> [AIM OF THE EXERCISE] Which lines below hold the word "Gift"? Report each one.

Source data
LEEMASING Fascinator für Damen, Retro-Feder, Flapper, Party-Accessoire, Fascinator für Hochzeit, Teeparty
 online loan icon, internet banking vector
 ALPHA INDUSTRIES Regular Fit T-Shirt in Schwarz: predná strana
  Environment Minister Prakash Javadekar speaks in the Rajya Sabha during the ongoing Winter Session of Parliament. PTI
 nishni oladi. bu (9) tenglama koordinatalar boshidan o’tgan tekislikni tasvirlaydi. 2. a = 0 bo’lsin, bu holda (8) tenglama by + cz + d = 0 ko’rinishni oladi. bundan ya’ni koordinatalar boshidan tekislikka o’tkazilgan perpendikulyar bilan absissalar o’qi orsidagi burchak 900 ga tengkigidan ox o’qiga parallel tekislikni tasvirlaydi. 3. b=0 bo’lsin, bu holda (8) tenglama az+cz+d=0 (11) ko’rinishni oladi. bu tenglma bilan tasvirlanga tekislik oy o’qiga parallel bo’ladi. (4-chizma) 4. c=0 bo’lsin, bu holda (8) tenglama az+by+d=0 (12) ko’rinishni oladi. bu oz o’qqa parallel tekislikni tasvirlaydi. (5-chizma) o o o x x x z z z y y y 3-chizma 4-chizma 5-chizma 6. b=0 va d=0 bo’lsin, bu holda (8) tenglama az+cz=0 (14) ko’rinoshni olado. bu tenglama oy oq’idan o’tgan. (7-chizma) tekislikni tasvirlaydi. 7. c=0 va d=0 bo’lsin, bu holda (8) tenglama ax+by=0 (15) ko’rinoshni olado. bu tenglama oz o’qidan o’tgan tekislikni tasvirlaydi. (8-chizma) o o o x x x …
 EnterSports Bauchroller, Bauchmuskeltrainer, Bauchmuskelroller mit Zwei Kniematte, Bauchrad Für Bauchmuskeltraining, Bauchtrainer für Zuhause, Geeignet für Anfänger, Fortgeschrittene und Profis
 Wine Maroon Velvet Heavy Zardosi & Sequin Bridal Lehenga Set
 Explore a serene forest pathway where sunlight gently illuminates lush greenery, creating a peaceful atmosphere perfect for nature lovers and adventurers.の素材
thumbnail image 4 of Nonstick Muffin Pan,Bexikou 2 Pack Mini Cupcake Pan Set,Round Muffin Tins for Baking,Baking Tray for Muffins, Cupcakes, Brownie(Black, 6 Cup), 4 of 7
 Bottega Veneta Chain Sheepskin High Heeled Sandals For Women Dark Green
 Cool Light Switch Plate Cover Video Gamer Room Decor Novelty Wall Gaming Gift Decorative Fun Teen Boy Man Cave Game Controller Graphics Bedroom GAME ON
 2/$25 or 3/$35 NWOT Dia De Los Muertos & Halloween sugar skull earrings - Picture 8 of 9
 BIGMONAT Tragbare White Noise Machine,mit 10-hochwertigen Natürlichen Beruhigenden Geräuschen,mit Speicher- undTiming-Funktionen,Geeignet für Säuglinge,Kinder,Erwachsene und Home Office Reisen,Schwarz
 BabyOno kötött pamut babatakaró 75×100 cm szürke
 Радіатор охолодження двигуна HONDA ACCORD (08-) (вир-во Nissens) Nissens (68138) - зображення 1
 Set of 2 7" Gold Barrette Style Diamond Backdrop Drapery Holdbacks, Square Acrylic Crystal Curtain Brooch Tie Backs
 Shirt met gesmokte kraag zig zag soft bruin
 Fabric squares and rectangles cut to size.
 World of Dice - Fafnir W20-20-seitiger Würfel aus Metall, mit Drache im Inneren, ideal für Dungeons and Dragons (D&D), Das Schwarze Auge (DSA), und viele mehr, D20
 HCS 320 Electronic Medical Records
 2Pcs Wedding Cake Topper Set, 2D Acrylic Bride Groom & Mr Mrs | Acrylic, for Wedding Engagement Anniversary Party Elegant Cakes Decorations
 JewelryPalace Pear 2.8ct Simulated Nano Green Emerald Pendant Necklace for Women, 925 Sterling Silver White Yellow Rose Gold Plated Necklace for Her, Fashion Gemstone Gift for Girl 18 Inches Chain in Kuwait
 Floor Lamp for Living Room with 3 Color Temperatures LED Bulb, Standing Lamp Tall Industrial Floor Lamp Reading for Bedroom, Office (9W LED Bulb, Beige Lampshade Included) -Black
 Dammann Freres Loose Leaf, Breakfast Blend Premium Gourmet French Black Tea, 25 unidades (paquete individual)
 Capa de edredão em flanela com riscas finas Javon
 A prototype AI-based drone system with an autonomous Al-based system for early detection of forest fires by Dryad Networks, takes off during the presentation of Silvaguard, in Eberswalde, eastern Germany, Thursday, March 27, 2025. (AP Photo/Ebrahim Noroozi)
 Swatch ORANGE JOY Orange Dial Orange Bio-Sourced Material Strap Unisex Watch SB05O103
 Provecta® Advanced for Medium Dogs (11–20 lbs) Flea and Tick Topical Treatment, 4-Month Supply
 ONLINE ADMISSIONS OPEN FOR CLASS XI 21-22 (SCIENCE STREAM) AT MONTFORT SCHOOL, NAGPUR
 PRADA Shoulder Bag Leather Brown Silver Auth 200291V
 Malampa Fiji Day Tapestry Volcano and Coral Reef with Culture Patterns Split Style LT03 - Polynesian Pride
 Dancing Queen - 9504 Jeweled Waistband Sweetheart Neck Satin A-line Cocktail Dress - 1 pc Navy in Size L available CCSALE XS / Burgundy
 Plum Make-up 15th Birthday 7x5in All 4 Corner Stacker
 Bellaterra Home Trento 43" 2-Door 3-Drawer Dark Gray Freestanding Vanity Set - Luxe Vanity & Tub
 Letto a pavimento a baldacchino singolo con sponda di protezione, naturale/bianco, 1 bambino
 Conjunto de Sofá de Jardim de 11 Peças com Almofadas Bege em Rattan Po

> [TASK SOLUTION]
 Cool Light Switch Plate Cover Video Gamer Room Decor Novelty Wall Gaming Gift Decorative Fun Teen Boy Man Cave Game Controller Graphics Bedroom GAME ON
 JewelryPalace Pear 2.8ct Simulated Nano Green Emerald Pendant Necklace for Women, 925 Sterling Silver White Yellow Rose Gold Plated Necklace for Her, Fashion Gemstone Gift for Girl 18 Inches Chain in Kuwait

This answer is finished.